--- DATA RECORDS ---
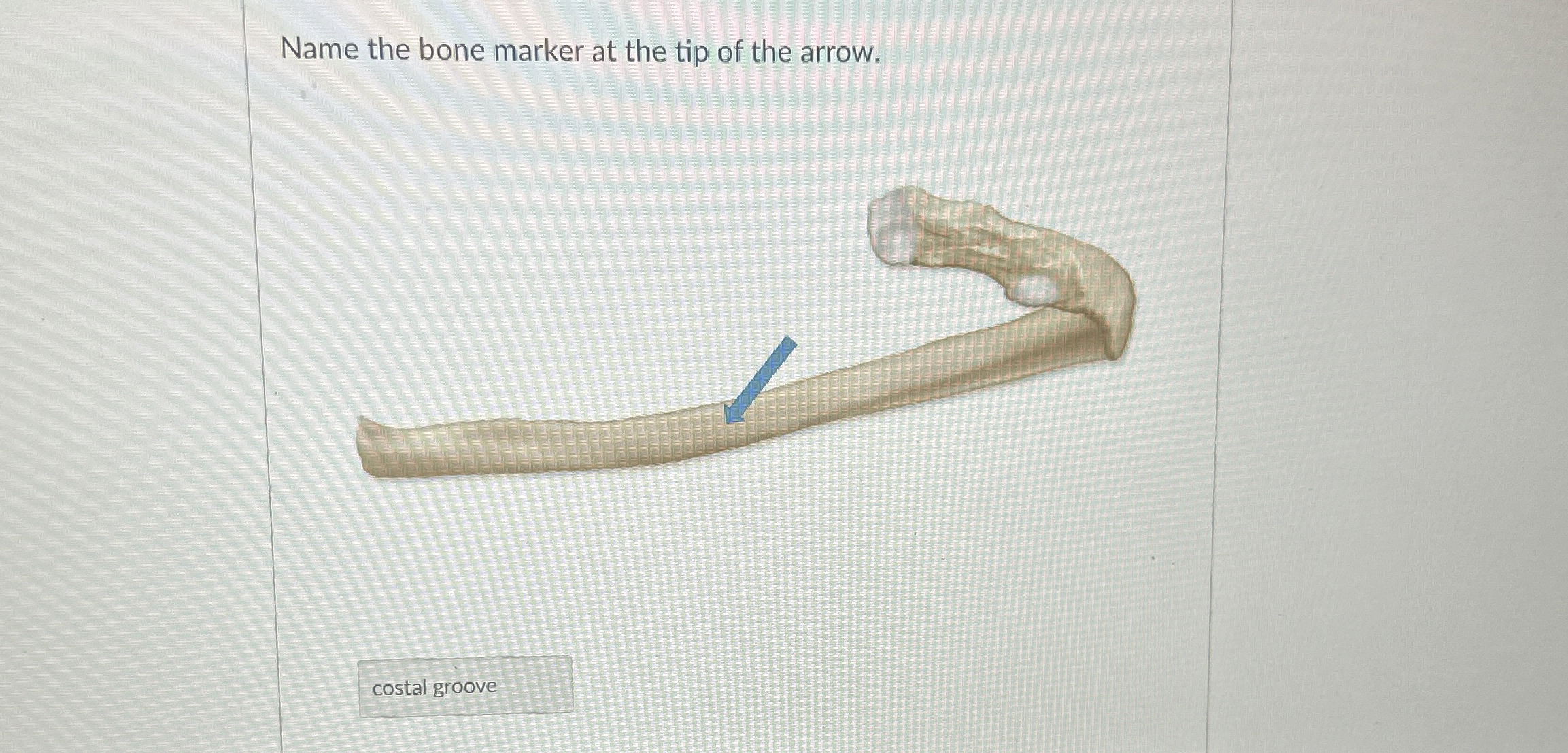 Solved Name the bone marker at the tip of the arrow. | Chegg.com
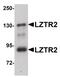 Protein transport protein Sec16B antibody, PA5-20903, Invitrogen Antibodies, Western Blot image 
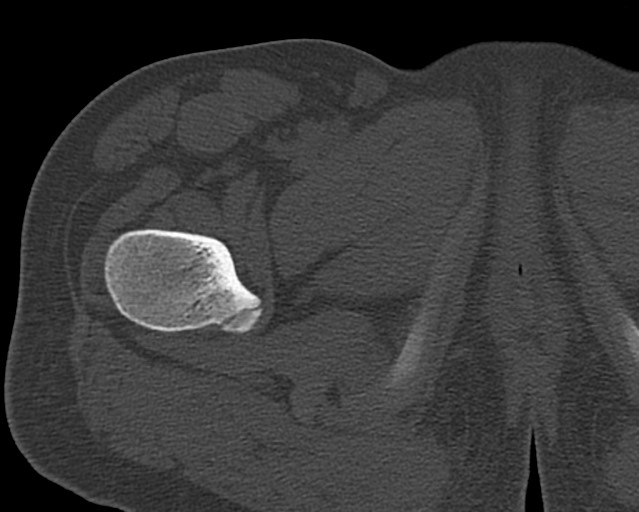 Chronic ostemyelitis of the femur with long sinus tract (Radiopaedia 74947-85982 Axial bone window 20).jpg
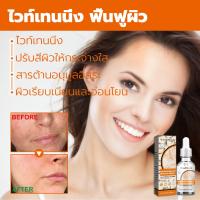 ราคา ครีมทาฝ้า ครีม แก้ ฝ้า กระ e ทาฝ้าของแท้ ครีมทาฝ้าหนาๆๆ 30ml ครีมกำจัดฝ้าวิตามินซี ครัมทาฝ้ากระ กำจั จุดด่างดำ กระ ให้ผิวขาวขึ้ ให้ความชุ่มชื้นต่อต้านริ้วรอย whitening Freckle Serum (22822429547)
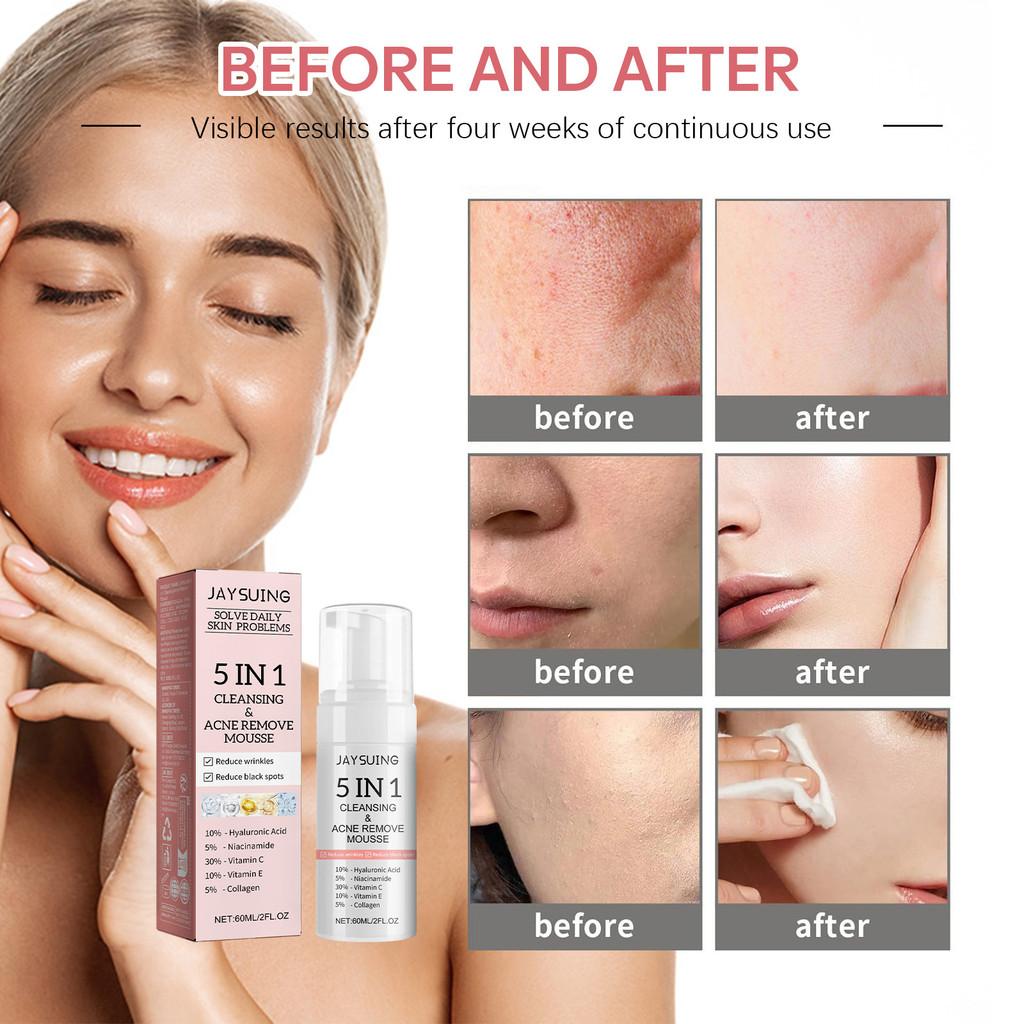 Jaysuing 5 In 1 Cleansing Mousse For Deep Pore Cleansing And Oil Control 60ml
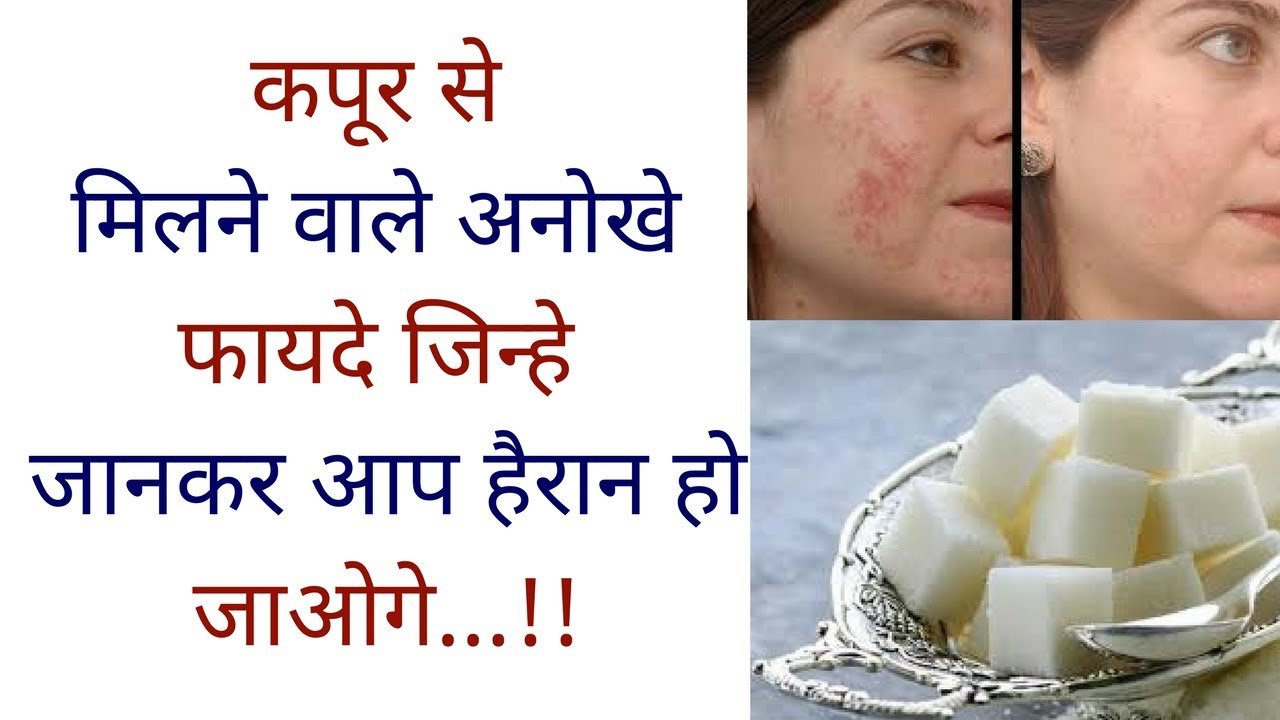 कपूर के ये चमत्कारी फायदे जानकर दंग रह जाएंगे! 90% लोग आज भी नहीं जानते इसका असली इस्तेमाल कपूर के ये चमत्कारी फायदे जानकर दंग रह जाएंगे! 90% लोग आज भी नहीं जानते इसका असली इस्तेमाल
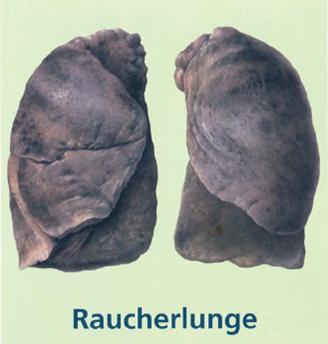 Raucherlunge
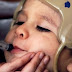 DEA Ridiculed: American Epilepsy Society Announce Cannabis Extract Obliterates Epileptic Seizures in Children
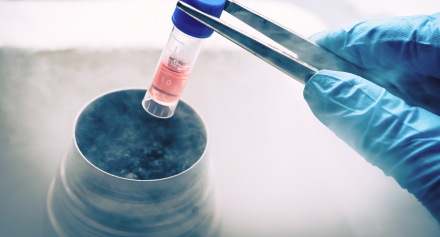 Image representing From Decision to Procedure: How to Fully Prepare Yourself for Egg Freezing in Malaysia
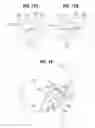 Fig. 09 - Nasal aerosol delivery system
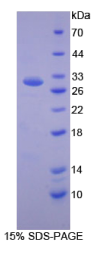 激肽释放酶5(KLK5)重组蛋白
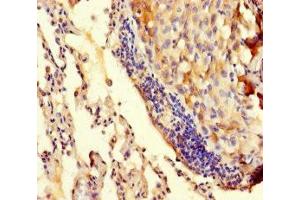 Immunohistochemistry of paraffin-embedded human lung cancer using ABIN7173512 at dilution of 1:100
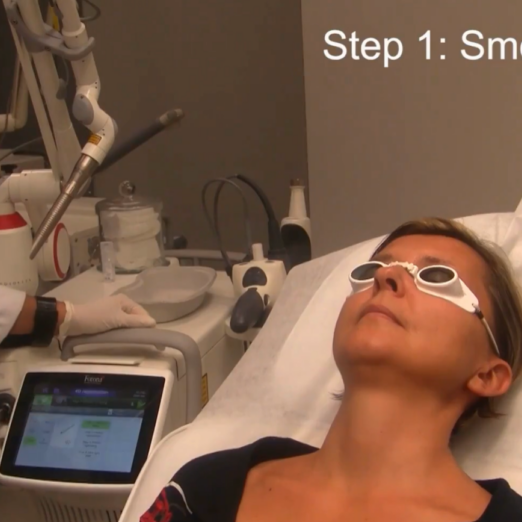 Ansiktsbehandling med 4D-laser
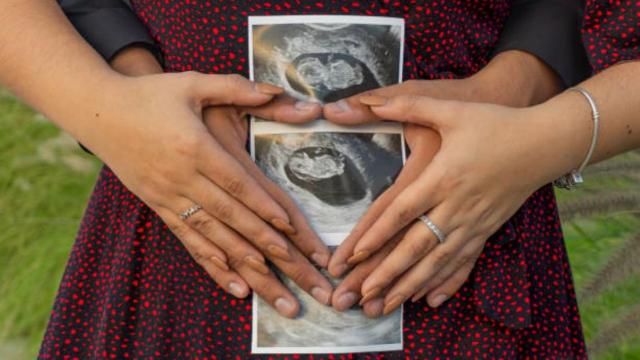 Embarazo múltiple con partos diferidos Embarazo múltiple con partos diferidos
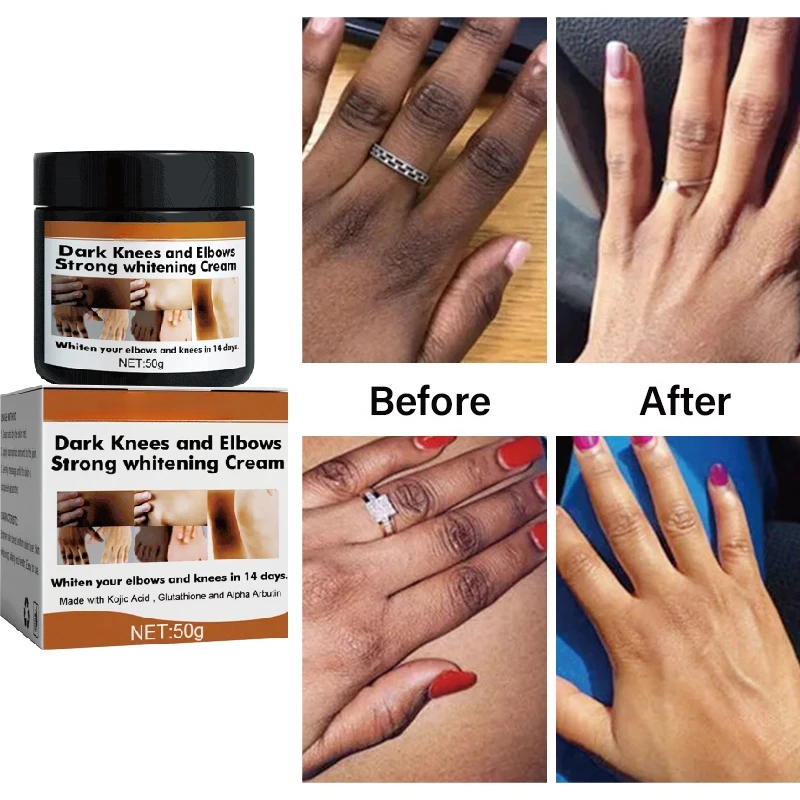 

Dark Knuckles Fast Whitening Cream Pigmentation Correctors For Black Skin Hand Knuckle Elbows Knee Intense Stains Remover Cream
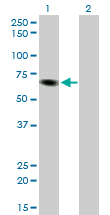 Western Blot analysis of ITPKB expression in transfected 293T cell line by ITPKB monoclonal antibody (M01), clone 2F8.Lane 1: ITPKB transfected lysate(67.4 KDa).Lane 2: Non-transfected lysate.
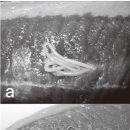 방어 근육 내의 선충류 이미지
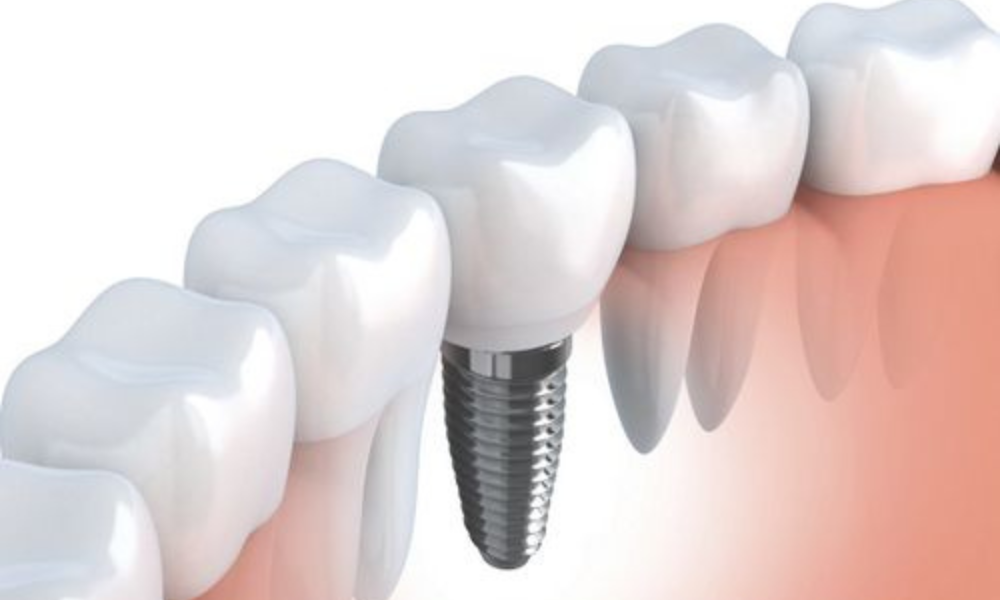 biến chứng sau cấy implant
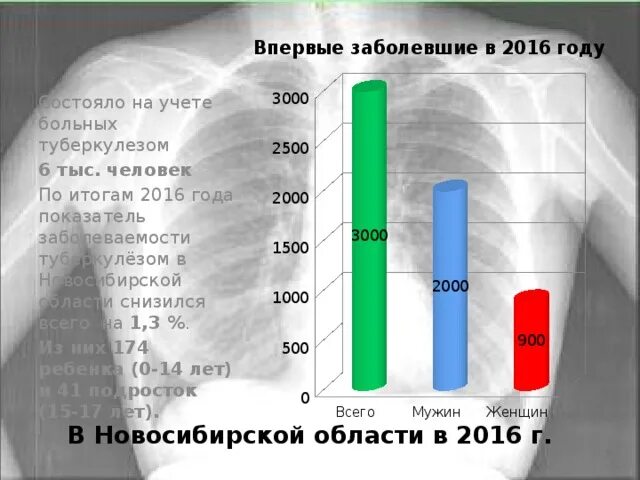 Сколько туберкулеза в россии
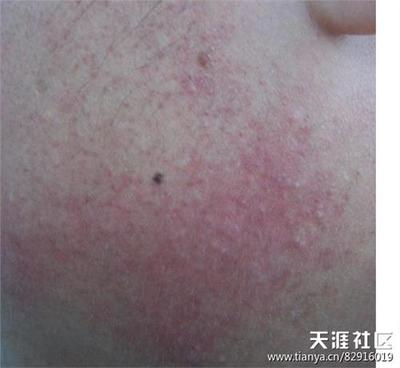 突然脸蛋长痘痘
---
Take every record and copy it word for word, dropping the pictures.

◆ ANSWER SECTION
 Solved Name the bone marker at the tip of the arrow. | Chegg.com
 Protein transport protein Sec16B antibody, PA5-20903, Invitrogen Antibodies, Western Blot image 
 Chronic ostemyelitis of the femur with long sinus tract (Radiopaedia 74947-85982 Axial bone window 20).jpg
 ราคา ครีมทาฝ้า ครีม แก้ ฝ้า กระ e ทาฝ้าของแท้ ครีมทาฝ้าหนาๆๆ 30ml ครีมกำจัดฝ้าวิตามินซี ครัมทาฝ้ากระ กำจั จุดด่างดำ กระ ให้ผิวขาวขึ้ ให้ความชุ่มชื้นต่อต้านริ้วรอย whitening Freckle Serum (22822429547)
 Jaysuing 5 In 1 Cleansing Mousse For Deep Pore Cleansing And Oil Control 60ml
 कपूर के ये चमत्कारी फायदे जानकर दंग रह जाएंगे! 90% लोग आज भी नहीं जानते इसका असली इस्तेमाल कपूर के ये चमत्कारी फायदे जानकर दंग रह जाएंगे! 90% लोग आज भी नहीं जानते इसका असली इस्तेमाल
 Raucherlunge
 DEA Ridiculed: American Epilepsy Society Announce Cannabis Extract Obliterates Epileptic Seizures in Children
 Image representing From Decision to Procedure: How to Fully Prepare Yourself for Egg Freezing in Malaysia
 Fig. 09 - Nasal aerosol delivery system
 激肽释放酶5(KLK5)重组蛋白
 Immunohistochemistry of paraffin-embedded human lung cancer using ABIN7173512 at dilution of 1:100
 Ansiktsbehandling med 4D-laser
 Embarazo múltiple con partos diferidos Embarazo múltiple con partos diferidos

Dark Knuckles Fast Whitening Cream Pigmentation Correctors For Black Skin Hand Knuckle Elbows Knee Intense Stains Remover Cream
 Western Blot analysis of ITPKB expression in transfected 293T cell line by ITPKB monoclonal antibody (M01), clone 2F8.Lane 1: ITPKB transfected lysate(67.4 KDa).Lane 2: Non-transfected lysate.
 방어 근육 내의 선충류 이미지
 biến chứng sau cấy implant
 Сколько туберкулеза в россии
 突然脸蛋长痘痘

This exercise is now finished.